Terms of service
All Suits Playing Card Co.
Terms & Conditions of Sale and Manufacturing Policy
Effective Date: May 18, 2026
These Terms & Conditions of Sale and Manufacturing Policy (the “Terms”) govern all purchases, quotes, orders, transactions, and use of the All Suits Playing Card Co. website (“Website”), including all custom-manufactured products, goods, and services offered by All Suits Playing Card Co. (“Company,” “we,” “our,” or “us”). By placing an order, submitting artwork, using the Website, or completing checkout, the customer (“Customer,” “you,” or “your”) agrees to be legally bound by these Terms.
1. Custom Manufactured Products
All products sold by the Company are custom manufactured to Customer specifications and are made-to-order.
2. Order Acceptance and Binding Agreement
Submission of an order through the Website constitutes a binding offer to purchase. The Company reserves the right to accept or reject any order. Once an order enters production, it is final and non-cancelable.
3. Customer Design Responsibility / No Proofs Provided
The Company utilizes a self-service design platform through which Customers create, upload, and finalize artwork for custom products. No digital or physical proof is provided unless expressly agreed in writing. Customers are solely responsible for reviewing and approving all submitted artwork, including but not limited to spelling, grammar, dimensions, alignment, image placement, bleed, safe area, borders, color, image resolution, and overall design quality. Submission of an order constitutes final approval of the design exactly as submitted.
4. Artwork Quality and Printing Expectations
The Customer acknowledges that printed products may vary from images displayed on computer monitors, mobile devices, or printers. Color appearance may differ due to screen calibration, lighting, ink, substrate, lamination, coating, manufacturing processes, and other variables. Low-resolution images, compression artifacts, transparency effects, thin borders, gradients, and edge-to-edge artwork may produce unexpected printed results. The Company is not responsible for dissatisfaction arising from Customer-supplied artwork.
5. No Returns, Refunds, or Cancellations After Production Begins
Due to the custom-manufactured nature of the products, ALL SALES ARE FINAL once production has begun. No cancellations, returns, exchanges, refunds, credits, or chargebacks will be accepted after an order enters production. Customer acknowledges that products are custom made and have no resale value to the Company.

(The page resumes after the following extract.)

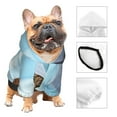 thumbnail image 3 of Honeii Funny Cat Taking a Bath Print Small Dog Hoodies Pet Hooded Sweatshirts Fall Winter Puppy Cat Sweaters Warm Clothes for Small Dogs Outfits Costume-X-Small, 3 of 7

6. Pre-Production Cancellations
Prior to production, cancellation requests may be approved in the Company’s sole discretion. Approved cancellations may be subject to artwork, setup, administrative, payment processing, labor, materials, engineering, or procurement charges already incurred.
7. Manufacturing Tolerances
Customer acknowledges and accepts commercially reasonable manufacturing tolerances, including without limitation: (a) minor color variation; (b) registration and print alignment variance; (c) cutting and centering tolerances; (d) slight variation in cardstock, finish, coating, or texture; (e) minor surface imperfections consistent with industry standards; and (f) production quantity variances of up to +/- 5%. Such variances shall not constitute defects or grounds for refund, replacement, or rejection.

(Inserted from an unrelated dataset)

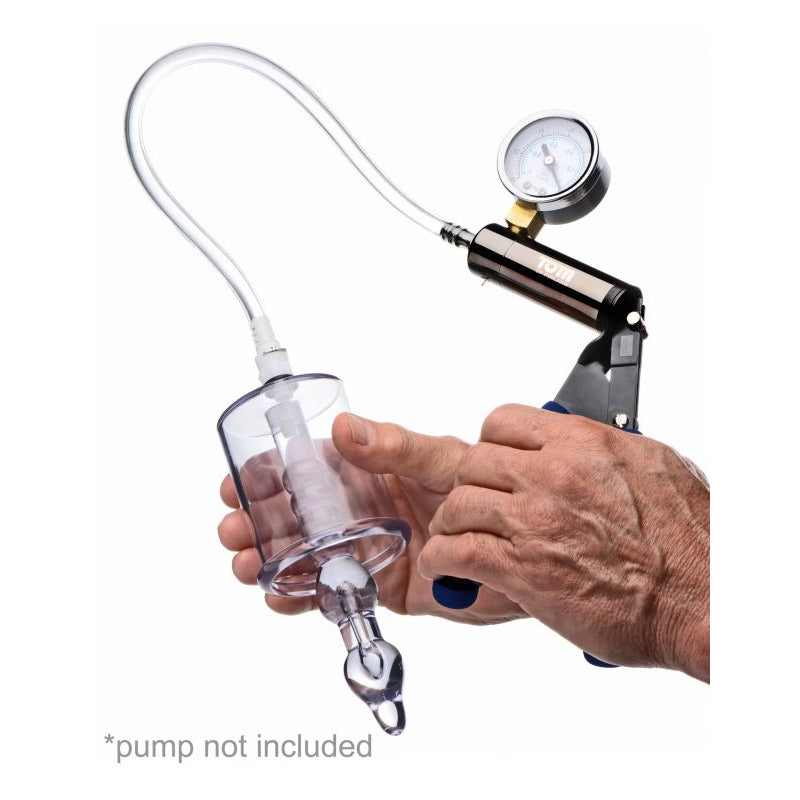 Anal Rosebud Vacuum With Beaded Rod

8. Claims for Manufacturing Defects
Any claim for manufacturing defect, shortage, or damage must be submitted in writing within seven (7) calendar days of delivery and include photographs and reasonable documentation. The Company reserves the right to inspect or request return of alleged defective goods. If the Company determines in its sole reasonable judgment that a material manufacturing defect exists, the exclusive remedy shall be repair, replacement, or store credit, at the Company’s option. Refunds are not guaranteed and are generally unavailable for custom products.
9. Shipping and Delivery
Production and delivery dates are estimates only and are not guaranteed. The Company shall not be liable for carrier delays, customs delays, weather, labor disruptions, material shortages, equipment downtime, or other causes beyond its control. Risk of loss transfers to Customer upon tender to carrier.

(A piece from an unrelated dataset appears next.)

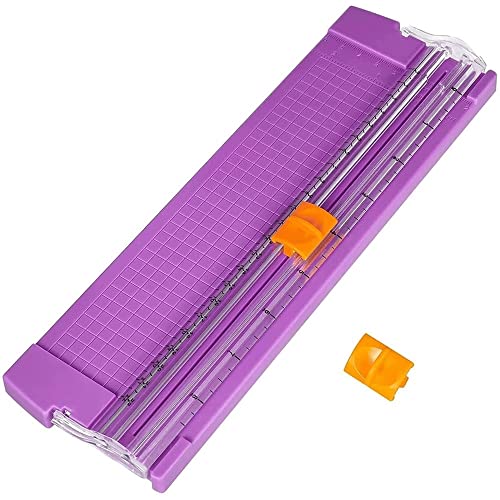Papierschneider A4 Papierschneider, Papierschneidemaschine mit Sicherheitsschutz Scrapbooking-Werkzeug zum Schneiden von Papierfotos oder Etiketten Papierschneider & -Schneider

10. Intellectual Property and Customer Representations
Customer represents and warrants that it owns or possesses all rights necessary to reproduce submitted artwork, trademarks, logos, text, and designs. Customer agrees to indemnify and hold harmless the Company from all claims, liabilities, damages, losses, and expenses arising from alleged intellectual property infringement.
11. Payment Terms
Orders may require full or partial payment prior to production. Chargebacks, payment reversals, or payment disputes initiated for properly manufactured custom goods may constitute breach of contract. Customer remains liable for all unpaid balances, fees, costs of collection, attorneys’ fees, and damages.
12. Limitation of Liability
To the fullest extent permitted by law, the Company’s total liability arising from any order shall not exceed the purchase price actually paid for the applicable order. In no event shall the Company be liable for consequential, incidental, indirect, special, exemplary, punitive, lost profits, lost business opportunity, reputational, or third-party damages.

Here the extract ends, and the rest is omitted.